- _What needs to be done_
The reply should hold every line of the data below, unchanged, and none of the pictures.

____ Information supplied

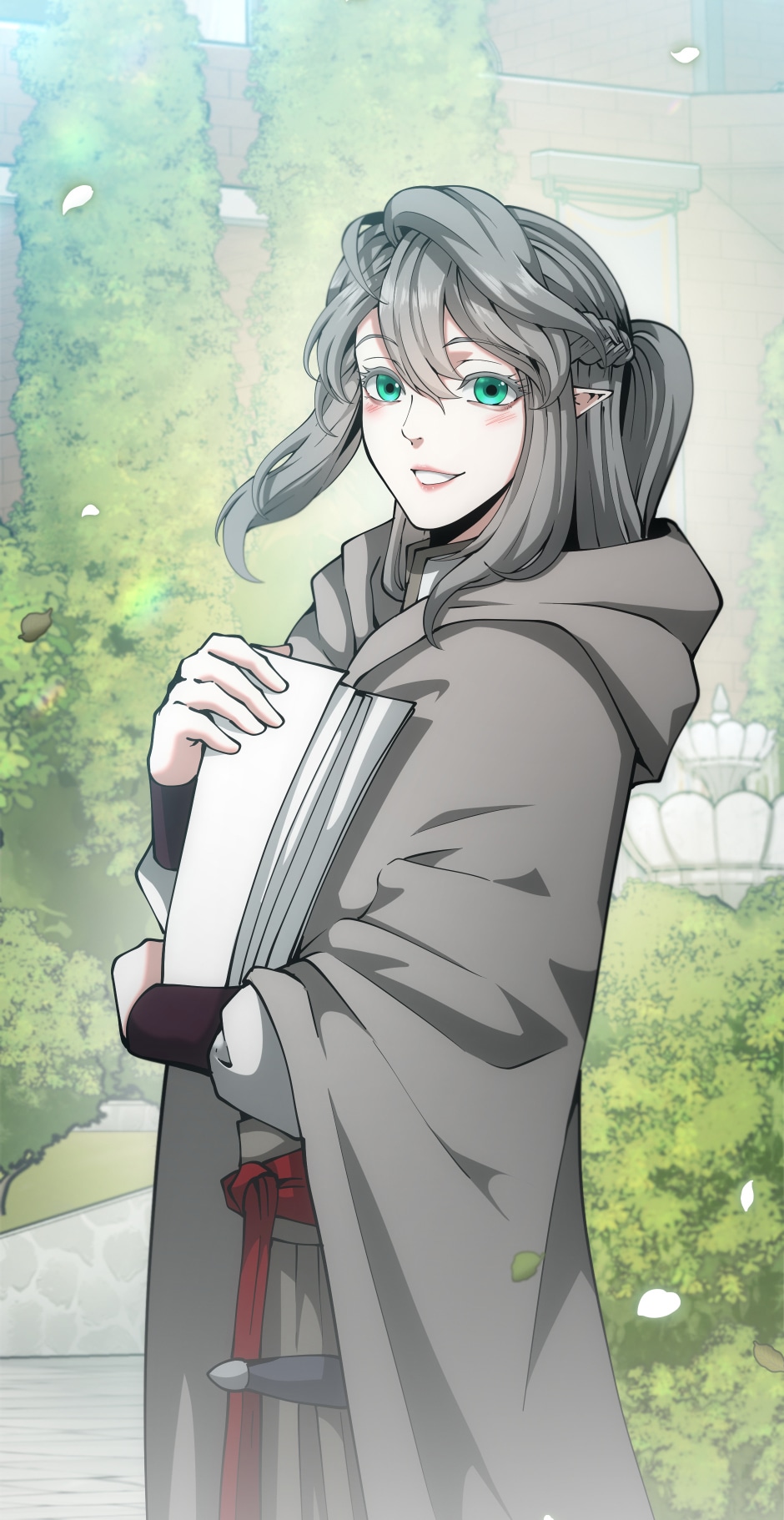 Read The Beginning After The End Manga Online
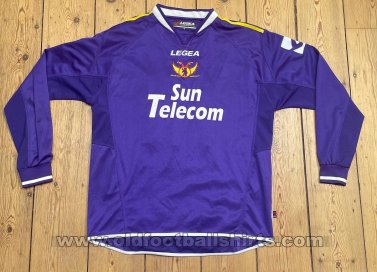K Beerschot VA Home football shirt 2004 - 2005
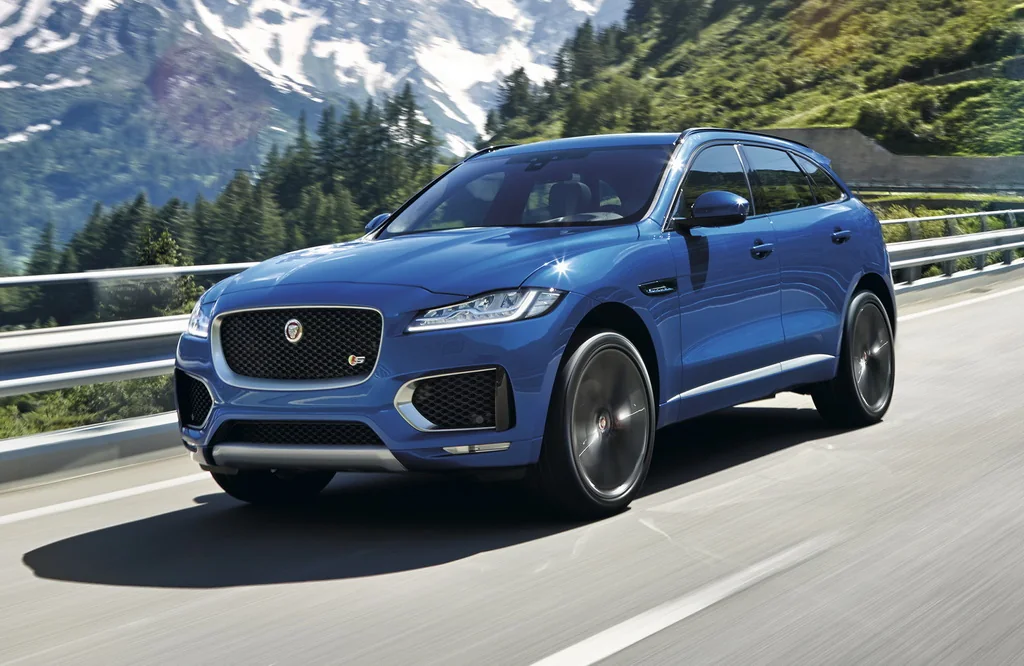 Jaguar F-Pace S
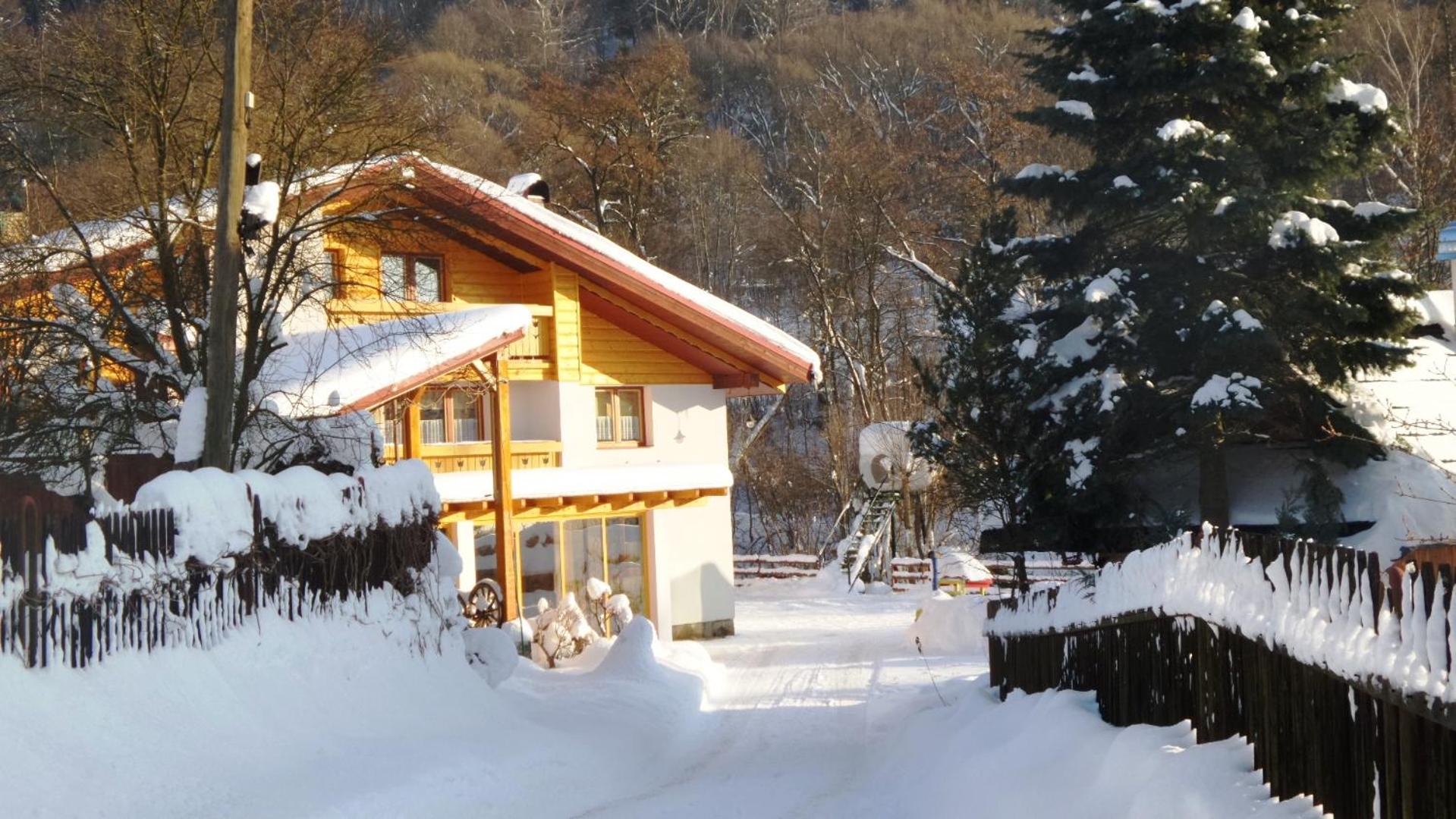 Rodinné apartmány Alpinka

________

- _Response area_
 Read The Beginning After The End Manga Online
K Beerschot VA Home football shirt 2004 - 2005
 Jaguar F-Pace S
 Rodinné apartmány Alpinka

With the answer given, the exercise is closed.